William Henry Hunt, Bushey Churchyard, with the tombs of Henry Edridge, Thomas Hearne and Henry Monro, circa 1822, pen and brown ink with watercolour, 32 × 41.4 cm. Collection of the British Museum (1921,0714.14).


Digital image courtesy of the Trustees of the British Museum (CC BY-NC-SA 4.0).

Monro’s final diary entry reads: “A very bad cough. Did not paint, made a study of a bulldog. Went to the British Gallery. Slept and dined at home, left Gower Street.” He was buried in Bushey, alongside Thomas Hearne and Henry Edridge. A watercolour by another of Thomas Monro’s protégés, William Henry Hunt, puts the three memorials centre stage, children to the left examining the inscriptions in a dilatory fashion, Monro himself on horseback to the right (Fig. 50). This is contrived as a scene of melancholic reflection. There is, too, a kind of “social neutralism” effected here, which “cancels out the differences constitutive of the social space by treating uniformly all positions as professions, at the cost of a constant shift from the definitional point of view (titles and qualifications, nature of the activity, etc.).”134 The three buried men are gathered under the elder Monro’s gaze in some sort of equality as artists. We, in naming these three men as “artists” in our historical accounts, catalogue records, and exhibitions, equalise them as well. And what might be lost then, among other things, is the sense of their differentiated temporalities, the attrition or ease which accompanied their passage through the world, their labours at their art. And this involves not only the story of their individual lives, but the potent forces that might accumulate or dissipate over generations.

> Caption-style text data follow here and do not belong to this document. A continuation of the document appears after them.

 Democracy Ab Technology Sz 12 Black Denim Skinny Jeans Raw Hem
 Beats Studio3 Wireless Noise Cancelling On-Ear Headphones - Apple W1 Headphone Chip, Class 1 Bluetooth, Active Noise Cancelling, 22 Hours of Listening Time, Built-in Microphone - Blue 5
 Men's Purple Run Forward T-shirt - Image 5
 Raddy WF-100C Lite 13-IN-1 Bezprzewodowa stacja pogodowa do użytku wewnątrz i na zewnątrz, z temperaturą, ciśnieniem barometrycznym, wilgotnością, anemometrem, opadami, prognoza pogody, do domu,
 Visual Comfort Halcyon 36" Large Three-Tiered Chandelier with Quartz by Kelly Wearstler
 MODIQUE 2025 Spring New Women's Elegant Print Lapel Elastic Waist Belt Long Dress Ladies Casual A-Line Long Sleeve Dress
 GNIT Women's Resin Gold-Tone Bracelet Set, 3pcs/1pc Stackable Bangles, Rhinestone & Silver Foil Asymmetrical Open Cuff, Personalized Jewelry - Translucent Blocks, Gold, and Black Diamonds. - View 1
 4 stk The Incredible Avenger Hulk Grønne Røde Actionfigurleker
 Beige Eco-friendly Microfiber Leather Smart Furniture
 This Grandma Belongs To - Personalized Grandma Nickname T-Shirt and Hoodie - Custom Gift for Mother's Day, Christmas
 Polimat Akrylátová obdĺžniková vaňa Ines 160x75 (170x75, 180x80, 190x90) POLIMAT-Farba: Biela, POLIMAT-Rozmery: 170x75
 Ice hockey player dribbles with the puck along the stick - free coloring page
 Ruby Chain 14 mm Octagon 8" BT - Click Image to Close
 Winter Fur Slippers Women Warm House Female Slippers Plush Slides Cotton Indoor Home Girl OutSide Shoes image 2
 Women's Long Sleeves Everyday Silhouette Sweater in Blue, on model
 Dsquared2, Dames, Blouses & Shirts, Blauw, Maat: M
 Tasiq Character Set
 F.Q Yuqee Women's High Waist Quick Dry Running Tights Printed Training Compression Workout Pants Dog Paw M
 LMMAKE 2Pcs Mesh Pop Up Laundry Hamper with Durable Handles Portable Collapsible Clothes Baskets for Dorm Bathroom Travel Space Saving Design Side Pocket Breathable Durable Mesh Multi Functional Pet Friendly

As Bourdieu writes:

The social world is not a game of chance, a discontinuous series of perfectly independent events, like the spin of a roulette wheel … Without being, strictly speaking, rigged, the competition resembles a handicap race that has lasted for generations or games in which the player has the positive or negative score of all those who preceded him, that is, the cumulated scores of all his ancestors.135 

The survival of such a quantity of drawings and paintings—and, indeed, a distinctly prosaic work diary—by such a short-lived and in many regards obscure artist may seem remarkable. But that situation arises because of the same social energies and material resources that secured the Monro family’s monopoly over mental health care at the Bethlem Hospital over four generations.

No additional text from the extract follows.